The answer must reproduce all of the data below exactly and contain no images.
▬▬▬▬▬▬▬▬▬▬
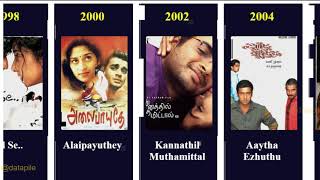 Mani Ratnam Movie list | Mani Ratnam filmography
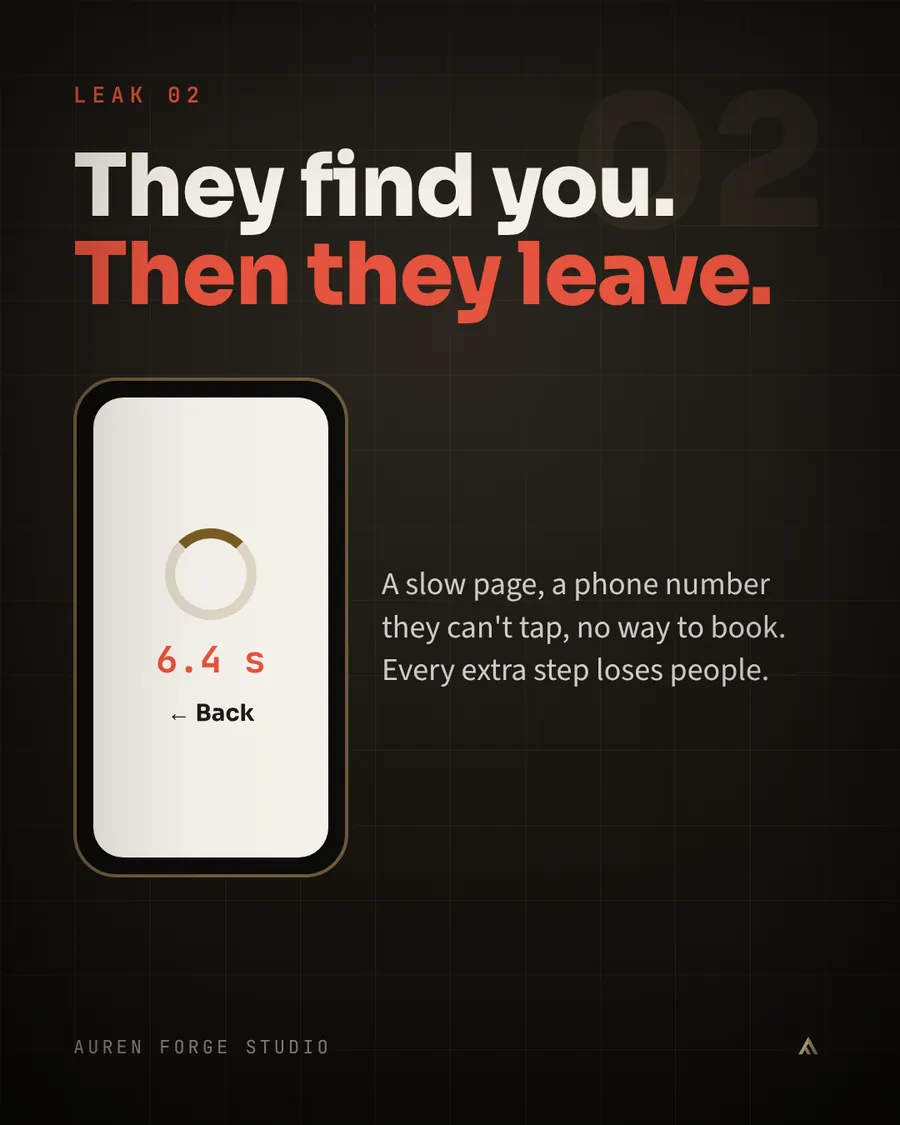 Slide 4, leak 2: They find you. Then they leave. A slow page, a number they can't tap, no way to book.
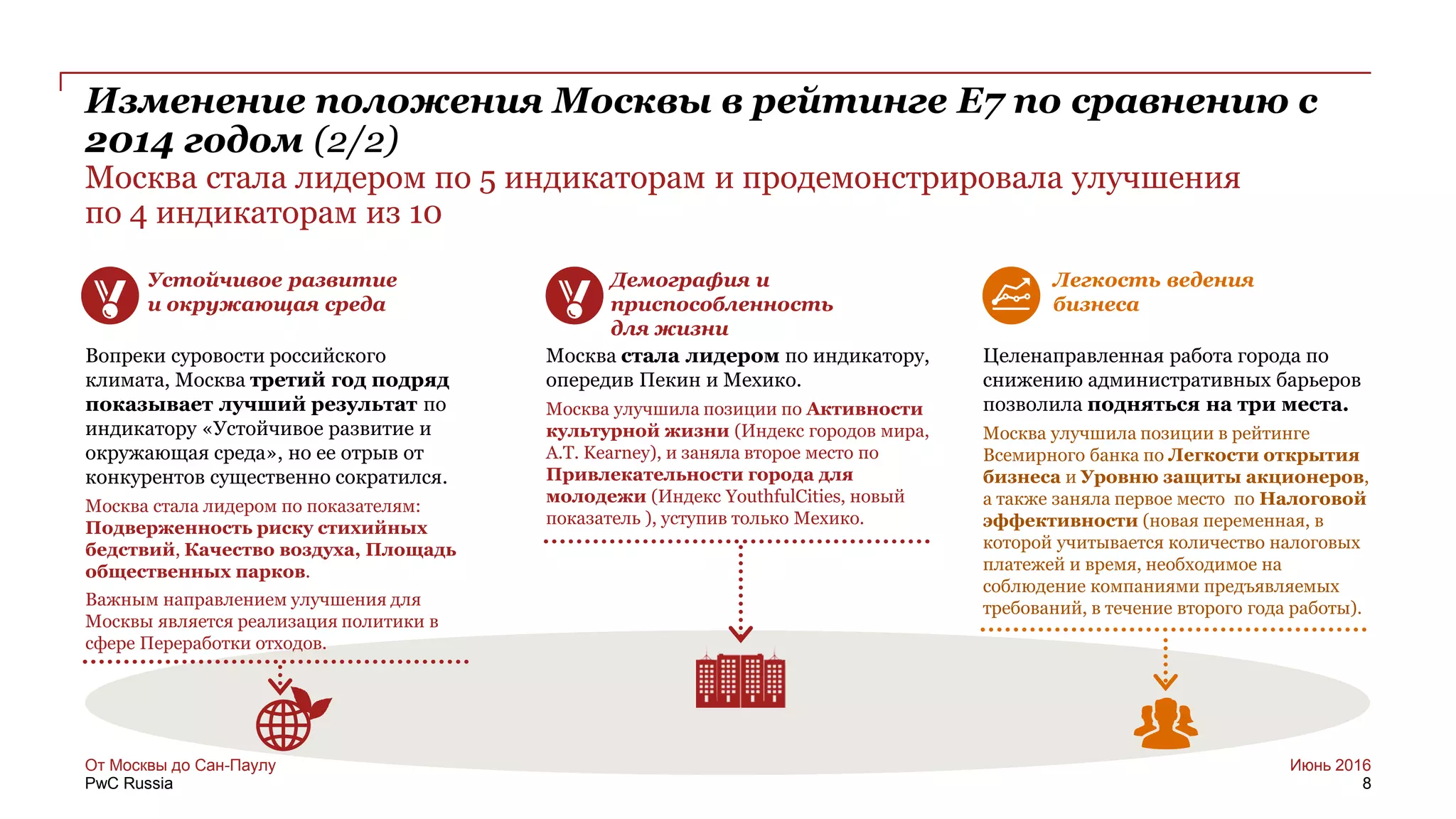 PwC Russia
Изменение положения Москвы в рейтинге E7 по сравнению с
2014 годом (2/2)
Москва стала лидером по 5 индикаторам и продемонстрировала улучшения
по 4 индикаторам из 10
8
От Москвы до Сан-Паулу Июнь 2016
Легкость ведения
бизнеса
Устойчивое развитие
и окружающая среда
Целенаправленная работа города по
снижению административных барьеров
позволила подняться на три места.
Москва улучшила позиции в рейтинге
Всемирного банка по Легкости открытия
бизнеса и Уровню защиты акционеров,
а также заняла первое место по Налоговой
эффективности (новая переменная, в
которой учитывается количество налоговых
платежей и время, необходимое на
соблюдение компаниями предъявляемых
требований, в течение второго года работы).
Вопреки суровости российского
климата, Москва третий год подряд
показывает лучший результат по
индикатору «Устойчивое развитие и
окружающая среда», но ее отрыв от
конкурентов существенно сократился.
Москва стала лидером по показателям:
Подверженность риску стихийных
бедствий, Качество воздуха, Площадь
общественных парков.
Важным направлением улучшения для
Москвы является реализация политики в
сфере Переработки отходов.
Демография и
приспособленность
для жизни
Москва стала лидером по индикатору,
опередив Пекин и Мехико.
Москва улучшила позиции по Активности
культурной жизни (Индекс городов мира,
A.T. Kearney), и заняла второе место по
Привлекательности города для
молодежи (Индекс YouthfulCities, новый
показатель ), уступив только Мехико.
 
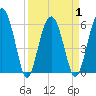 Summerhouse Point tide chart for Thursday, April 1, 2021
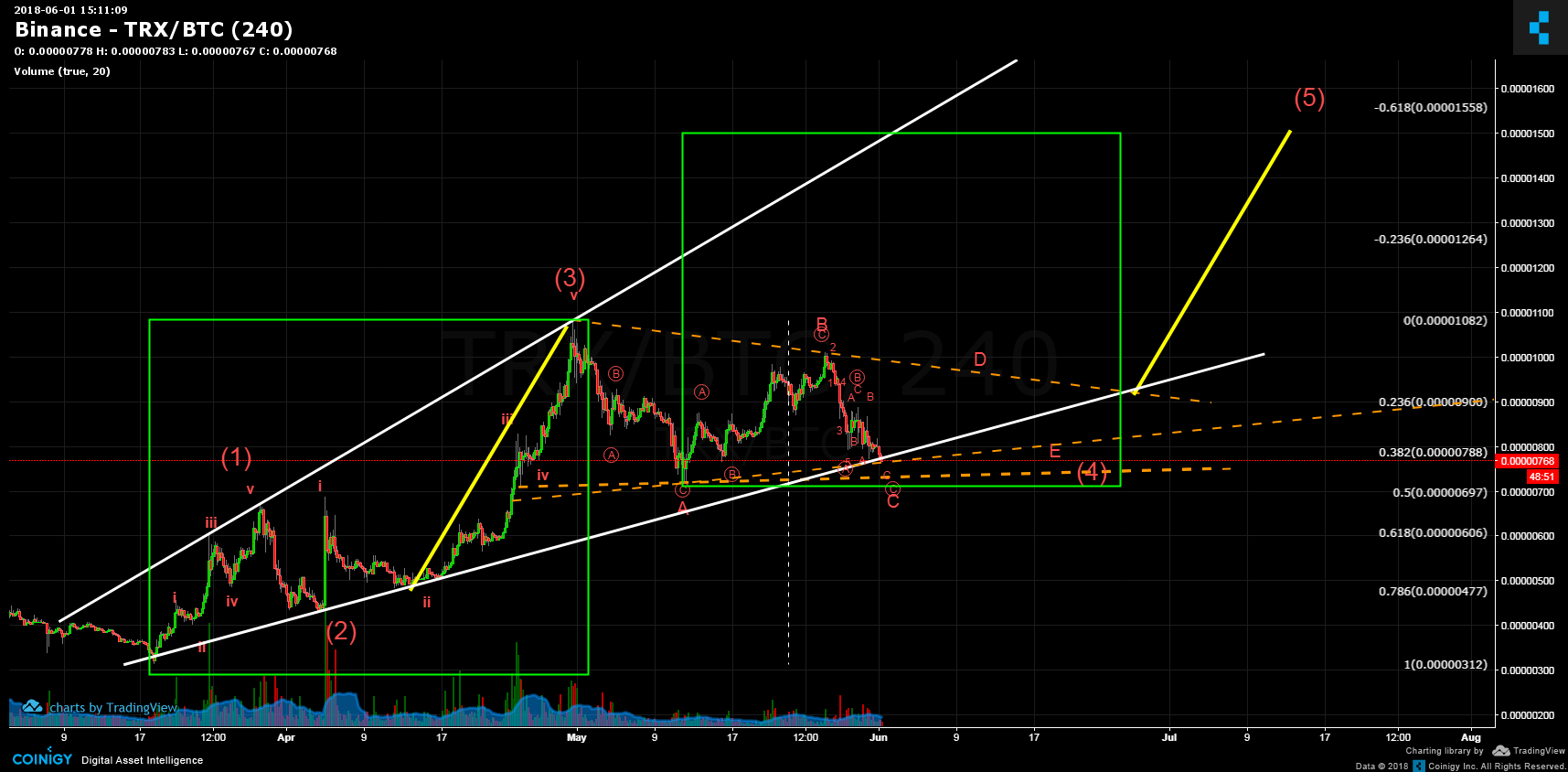 Binance TRX/BTC Chart - Published on Coinigy.com on June ...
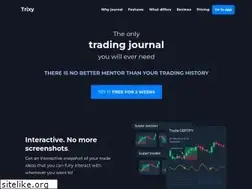 Sites similar to trixy.trade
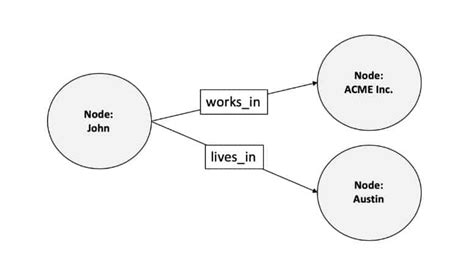 graph database examples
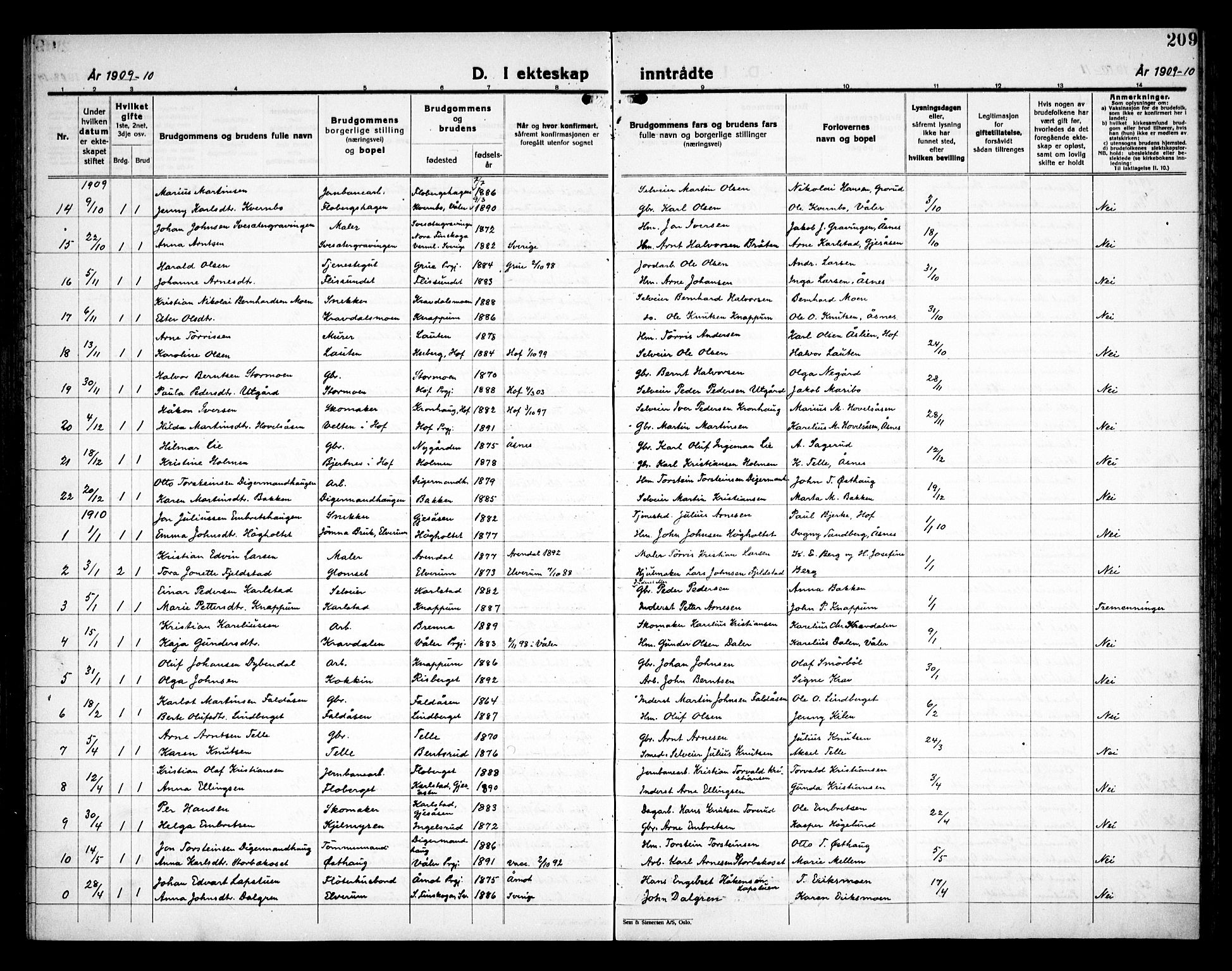 Åsnes prestekontor, AV/SAH-PREST-042/H/Ha/Haa/L0000C: Parish register (official) no. 0A, 1890-1929, p. 209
▬▬▬▬▬▬▬▬▬▬
§ Response to this task:
 Mani Ratnam Movie list | Mani Ratnam filmography
 Slide 4, leak 2: They find you. Then they leave. A slow page, a number they can't tap, no way to book.
 PwC Russia
Изменение положения Москвы в рейтинге E7 по сравнению с
2014 годом (2/2)
Москва стала лидером по 5 индикаторам и продемонстрировала улучшения
по 4 индикаторам из 10
8
От Москвы до Сан-Паулу Июнь 2016
Легкость ведения
бизнеса
Устойчивое развитие
и окружающая среда
Целенаправленная работа города по
снижению административных барьеров
позволила подняться на три места.
Москва улучшила позиции в рейтинге
Всемирного банка по Легкости открытия
бизнеса и Уровню защиты акционеров,
а также заняла первое место по Налоговой
эффективности (новая переменная, в
которой учитывается количество налоговых
платежей и время, необходимое на
соблюдение компаниями предъявляемых
требований, в течение второго года работы).
Вопреки суровости российского
климата, Москва третий год подряд
показывает лучший результат по
индикатору «Устойчивое развитие и
окружающая среда», но ее отрыв от
конкурентов существенно сократился.
Москва стала лидером по показателям:
Подверженность риску стихийных
бедствий, Качество воздуха, Площадь
общественных парков.
Важным направлением улучшения для
Москвы является реализация политики в
сфере Переработки отходов.
Демография и
приспособленность
для жизни
Москва стала лидером по индикатору,
опередив Пекин и Мехико.
Москва улучшила позиции по Активности
культурной жизни (Индекс городов мира,
A.T. Kearney), и заняла второе место по
Привлекательности города для
молодежи (Индекс YouthfulCities, новый
показатель ), уступив только Мехико.
 
 Summerhouse Point tide chart for Thursday, April 1, 2021
 Binance TRX/BTC Chart - Published on Coinigy.com on June ...
 Sites similar to trixy.trade
 graph database examples
 Åsnes prestekontor, AV/SAH-PREST-042/H/Ha/Haa/L0000C: Parish register (official) no. 0A, 1890-1929, p. 209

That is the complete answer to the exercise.